A friend (who shall remain nameless) recently told me his company interviewed a competent database developer and DBA. All seemed in agreement an offer would be forthcoming until the very end of the recruiting process. At that time, someone made the comment "we don't need a DBA."
It would be notable if this sentiment wasn't so widespread - but I see it often. How often? Well, I would have to tell you how I see it to qualify that statement:
You see, people rarely say to me "We don't need a DBA." Mostly I see it in their applications - many of them prominent companies in which you may even own stock. I can tell when I examine their schema. I can see it when I execute Profiler against their SQL Server database.
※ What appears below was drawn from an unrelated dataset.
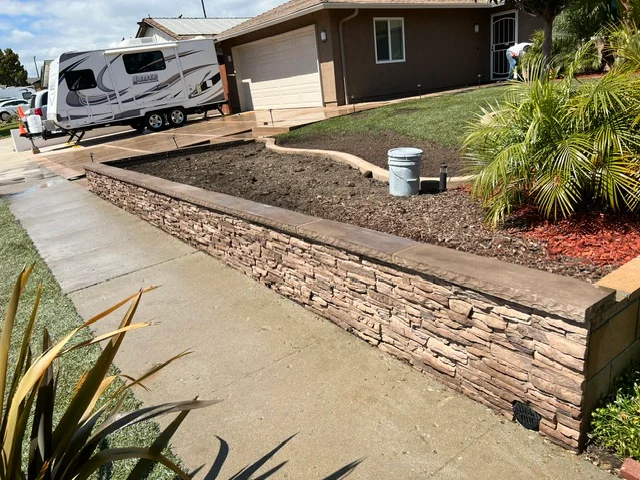 Stacked stone retaining wall with concrete walkway and landscape edging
Now, there are lots of reasons to design a denormalized schema. And there are lots of reasons to encapsulate the business rules in code. This is not what I'm talking about - though some of these systems would clearly perform better (or at all, in extreme cases) if they took advantage of better design patterns.
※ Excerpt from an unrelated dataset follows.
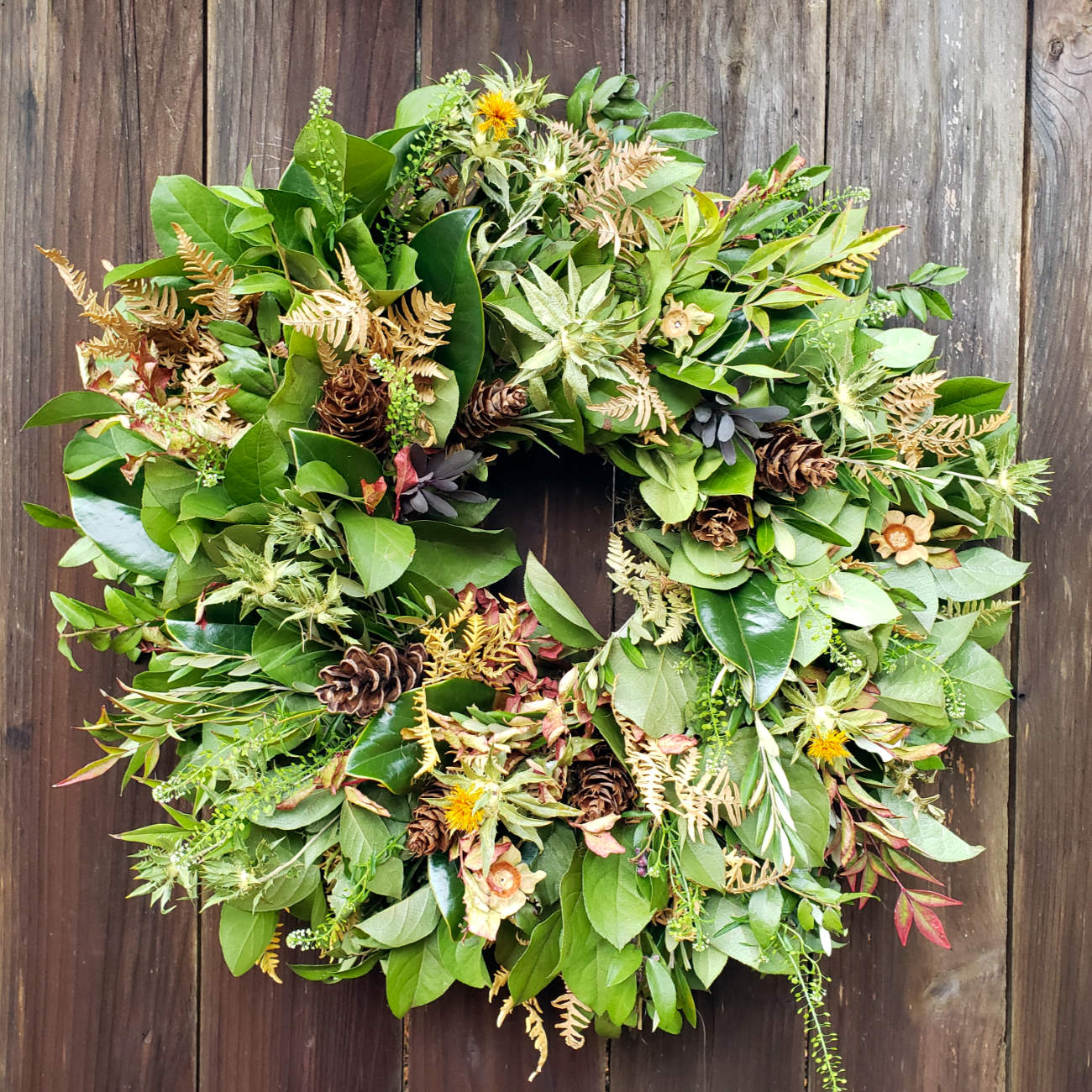 fresh and dried greens everlasting wreath on fence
I'm talking about designs where this much is obvious:
1. At least two people designed the data layer; and
2. They did not communicate during the process.
Often, enterprise-level database design is shoveled onto developers as a secondary task. No, I'm not making this up - it's too tragic to joke about. There are developers who can handle this task. But there are more who believe they are database developers than actually are. (Before I became a SQL Server DBA I was a developer who thought I was a SQL Server DBA...)
There will doubtless be readers who can provide examples of how their enterprise application was built by junior developers who did the database and code work and whose systems are performing just fine. I'm happy for you and sincerely hope the system scales.
Designing a scalable solution - database, application, or enterprise architecture - is one of those things that consumes time, thinking, resources, and money during the early phases of an enterprise development cycle. But it is - hands down - one of the best investments (if not the best) in the solution.
In today's market, scalability is as optional as security. And like security, a scalable design is not something you "add later." It's not part of the foundation - it is the foundation.
My experiences with designing scalable solutions has proven there is no free lunch nor any shortcuts that work. If anyone - me included - skips the work of designing for scalability, there comes a day when they (or I) must pay the fiddler. From what I hear and have experienced, designing in this fashion is most often sacrificed on the altar of the deadline. Trust me, if it falls apart in six weeks or six months, you haven't saved any time - and you may have lost a job or a customer.
Someone told me this and I remember because it has proven true several times over: "Deliver quality late, no one remembers. Deliver junk on time, no one forgets."
If you're building (or upgrading to) cutting edge technology, you need a DBA.